Seit Jahren kritisieren Tierschützer, dass das Gehege nicht artgerecht sei. Auch deshalb stirbt mit Schnute die Art „Stadtbär“ endgültig aus. (taz)

6. Befriedigt eure Bürger

Was braucht Berlin im wahrsten Sinne des Wortes dringend? Klos. Gerade erst hat die Bauverwaltung entschieden, dass größere Supermärkte Toiletten für die alternde Kundschaft bereitstellen müssen – aber nur bei Neubauten.
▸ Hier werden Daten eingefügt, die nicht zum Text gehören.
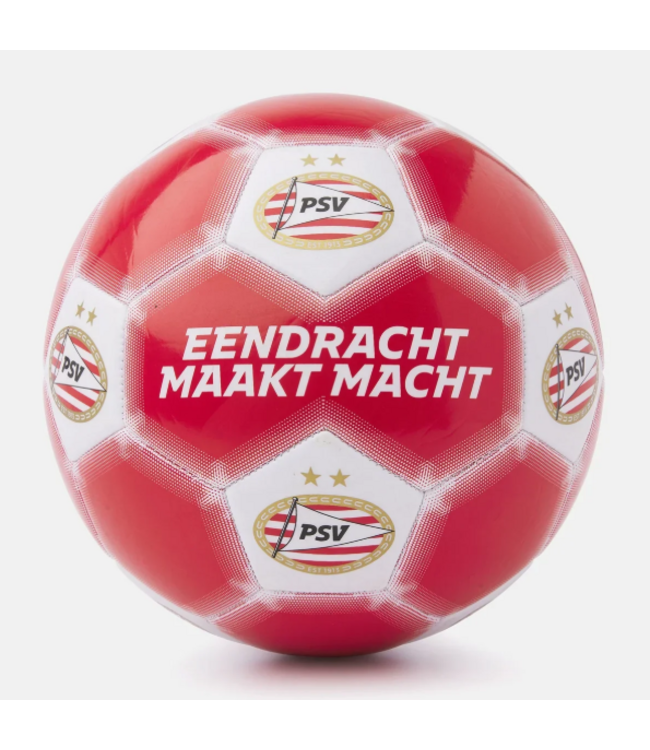 PSV Voetbal Eendracht Maakt Macht Maat 5 - PSV  bal -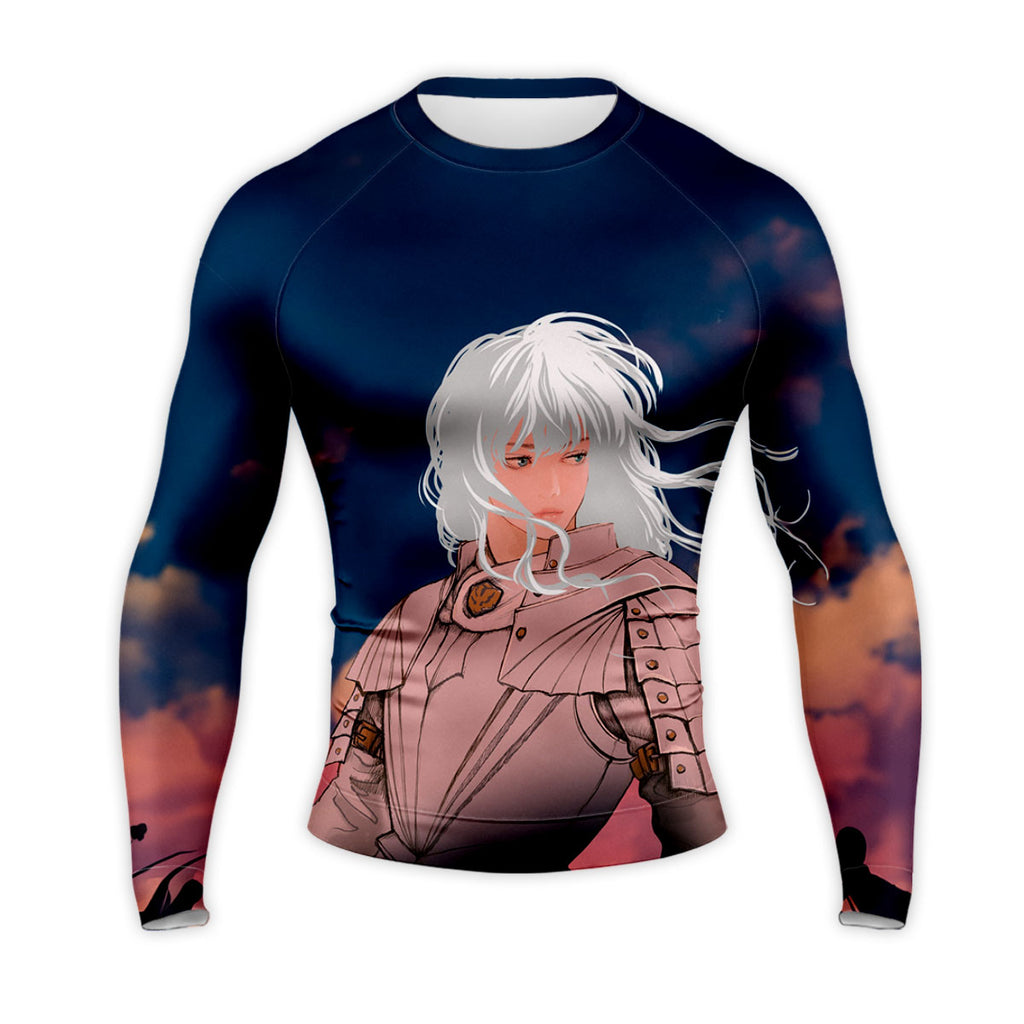 Berserker Griffith In Sunset Anime Apparel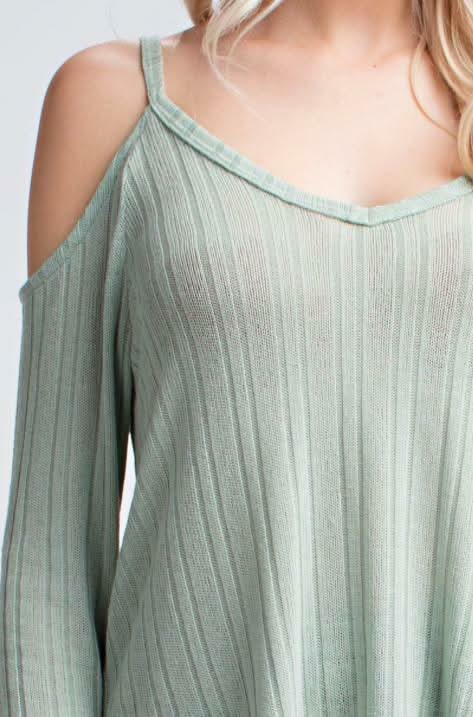 Sage Blouses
Auch sonst sind öffentliche Klos nicht allzu dicht gesät. Die meisten werden zudem von einem privaten Anbieter kostenpflichtig betrieben, ältere Nutzer fremdeln mit deren vollautomatischem Hightechdesign.

Was liegt also näher, als die einstige Stätte der Bedrängnis zu einem freundlichen Ort der Erleichterung zu machen? Anschlüsse für Sanitäranlagen sind schon vorhanden, die baulichen Anpassungen dürften sich preislich im Rahmen halten. Unser Vorschlag: Links Mädels, rechts Jungs, in der Mitte alle anderen. Oder umgekehrt.

Nicht überzeugt? Ein Blick in die Geschichte (s. Kasten) lehrt: Vor dem Zwinger stand hier an derselben Stelle – ein Klo.